Ma non è necessario riportare molte testimonianze. È più utile richiamare la fermezza della fede con cui la chiesa, con unanime concordia, resistette a Berengario, il quale, cedendo alle difficoltà suggerite dalla ragione umana, osò per il primo negare la conversione eucaristica; la chiesa gli minacciò ripetutamente la condanna se non si ritrattasse. Perciò Gregorio VII, nostro predecessore, gli impose di prestare il giuramento in questi termini: "Intimamente credo e apertamente confesso che il pane e il vino posti sull’altare, per il mistero della orazione sacra e le parole del nostro Redentore, si convertono sostanzialmente nella vera e propria e vivificante carne e sangue di nostro Signore Gesù Cristo; e che dopo la consacrazione c’è il vero corpo di Cristo, che è nato dalla Vergine e per la salvezza del mondo fu offerto e sospeso sulla croce e ora siede alla destra del Padre; e c’è anche il vero sangue di Cristo, che uscì dal suo fianco, non soltanto come segno e virtù del sacramento, ma anche nella proprietà della natura e nella realtà della sostanza".

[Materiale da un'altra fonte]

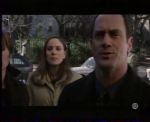 NY-SVU_0071.jpg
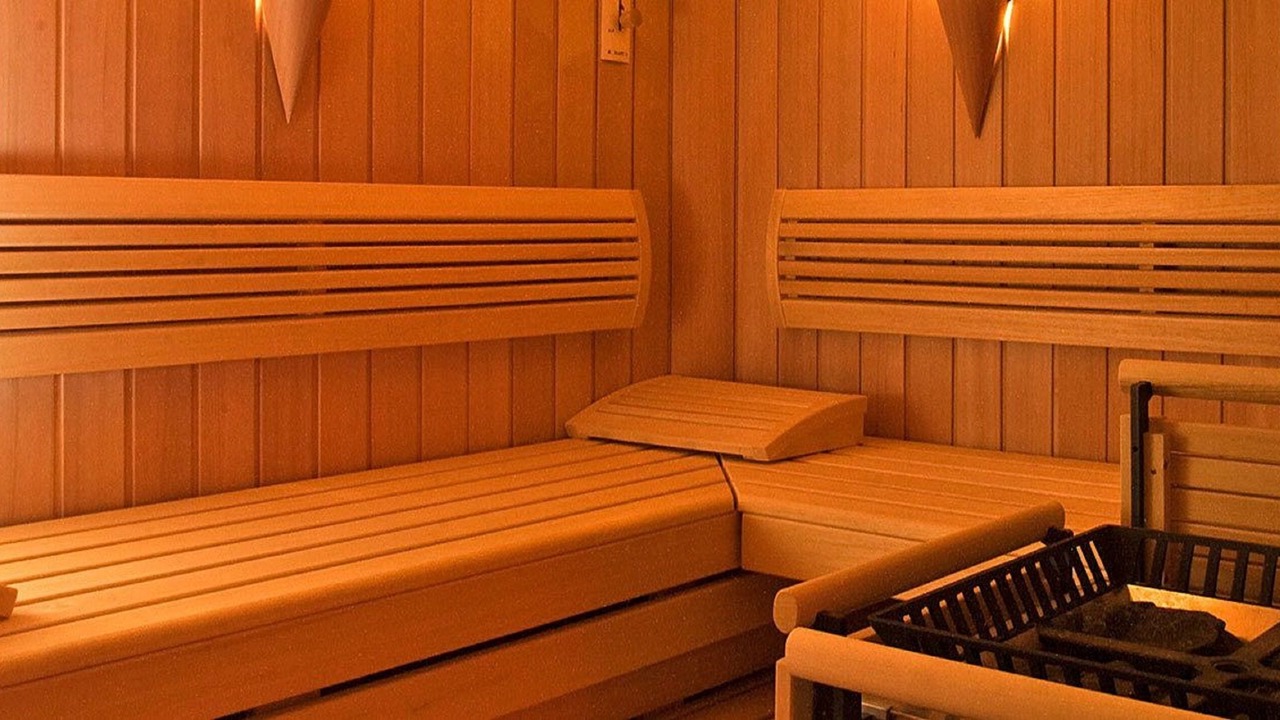 Photo of Others in Boulogne-sur-Mer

Con queste parole concordano (mirabile esempio della fermezza della fede cattolica!) i concili ecumenici Lateranense, Costanziense, Fiorentino e finalmente il Tridentino in ciò che costantemente hanno insegnato intorno al mistero della conversione eucaristica, sia esponendo la dottrina della chiesa sia condannando gli errori. Dopo il Concilio di Trento, il nostro predecessore Pio VI, contro gli errori del Sinodo di Pistoia, ammonì con parole gravi che i parroci, che hanno il compito d’insegnare, non tralascino di parlare della transustanziazione, che è uno degli articoli di fede. Parimenti il nostro predecessore Pio XII di f. m., richiamò i limiti che non devono sorpassare tutti coloro che discutono sottilmente del mistero della transustanziazione. Noi stessi nel recente Congresso nazionale italiano eucaristico di Pisa, secondo il nostro dovere apostolico, abbiamo reso pubblicamente e solennemente testimonianza della fede della chiesa.

Del resto la chiesa cattolica non solo ha sempre insegnato, ma anche vissuto la fede nella presenza del corpo e del sangue di Cristo nella eucaristia, adorando sempre con culto latreutico, che compete solo a Dio, un così grande sacramento. Di questo culto s. Agostino scrive: "In questa carne (il Signore) ha qui camminato e questa stessa carne ci ha dato da mangiare per la salvezza; e nessuno mangia quella carne senza averla prima adorata.. sicché non pecchiamo adorandola, ma anzi pecchiamo se non la adoriamo".